--- Material to process Enclosed Below ---

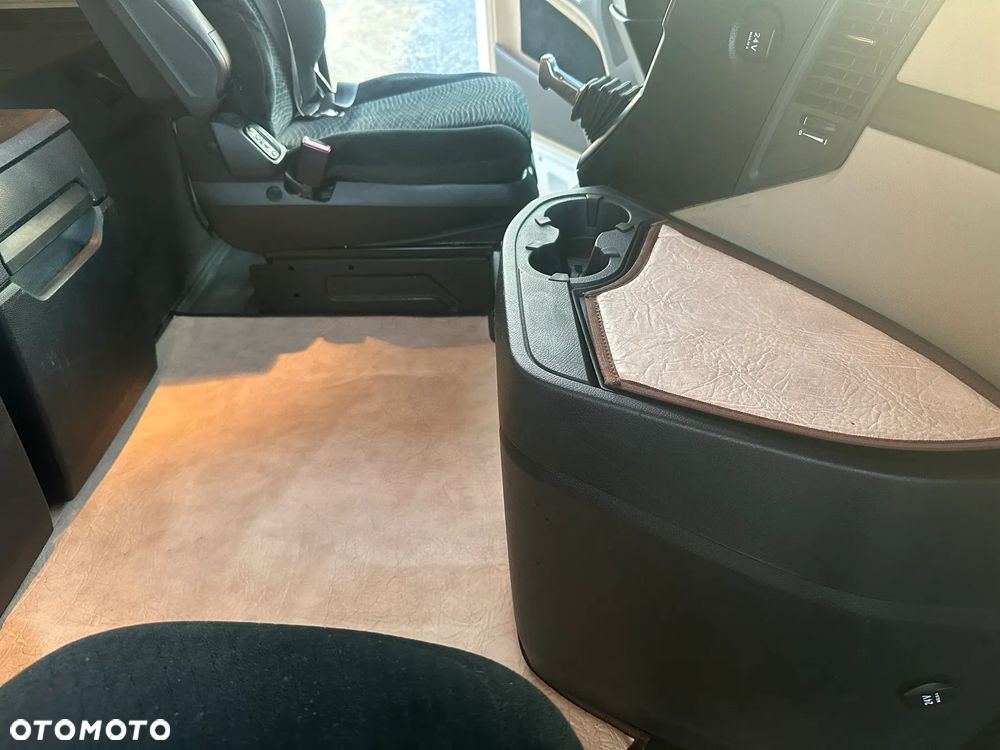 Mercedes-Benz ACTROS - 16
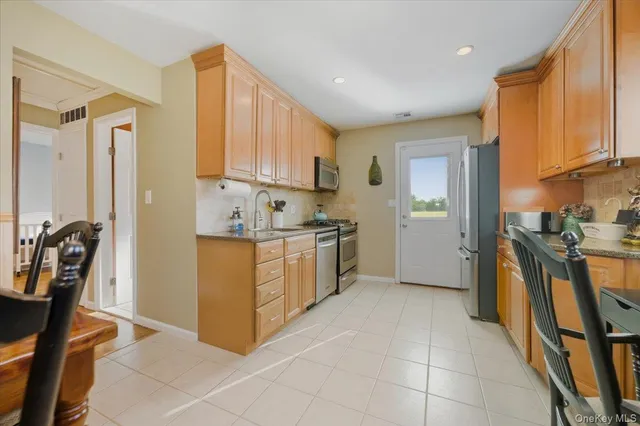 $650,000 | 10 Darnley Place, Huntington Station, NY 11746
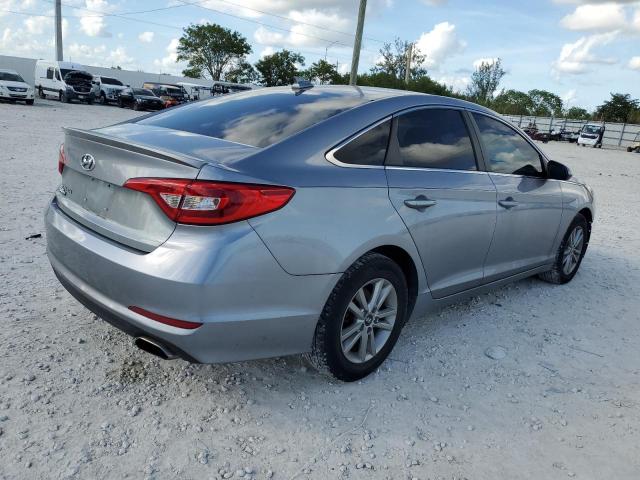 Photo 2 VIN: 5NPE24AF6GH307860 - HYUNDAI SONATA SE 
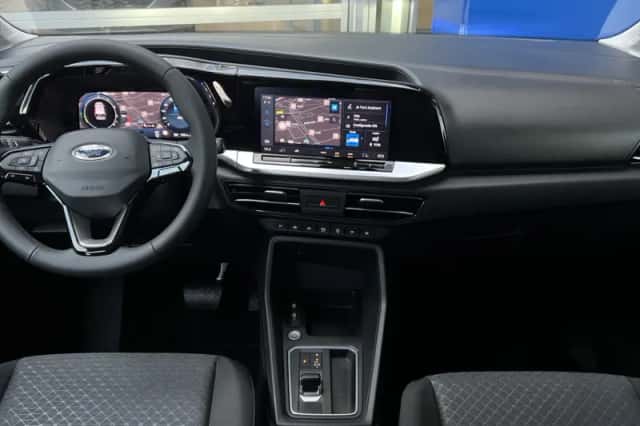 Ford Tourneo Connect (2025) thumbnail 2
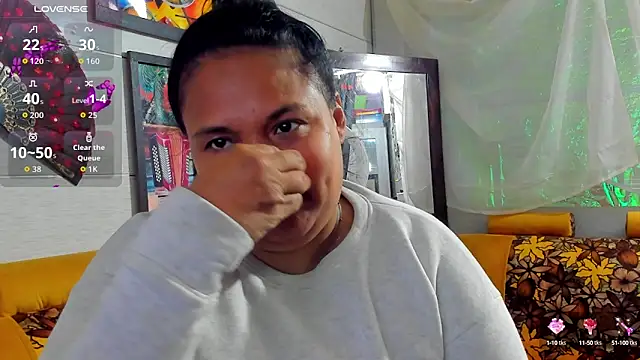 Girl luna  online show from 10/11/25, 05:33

--- End of Enclosed Material to process ---

▶ Your instructions
This exercise needs every entry retyped exactly, with the pictures removed.

▶ Response for this exercise
 Mercedes-Benz ACTROS - 16
 $650,000 | 10 Darnley Place, Huntington Station, NY 11746
 Photo 2 VIN: 5NPE24AF6GH307860 - HYUNDAI SONATA SE 
 Ford Tourneo Connect (2025) thumbnail 2
 Girl luna  online show from 10/11/25, 05:33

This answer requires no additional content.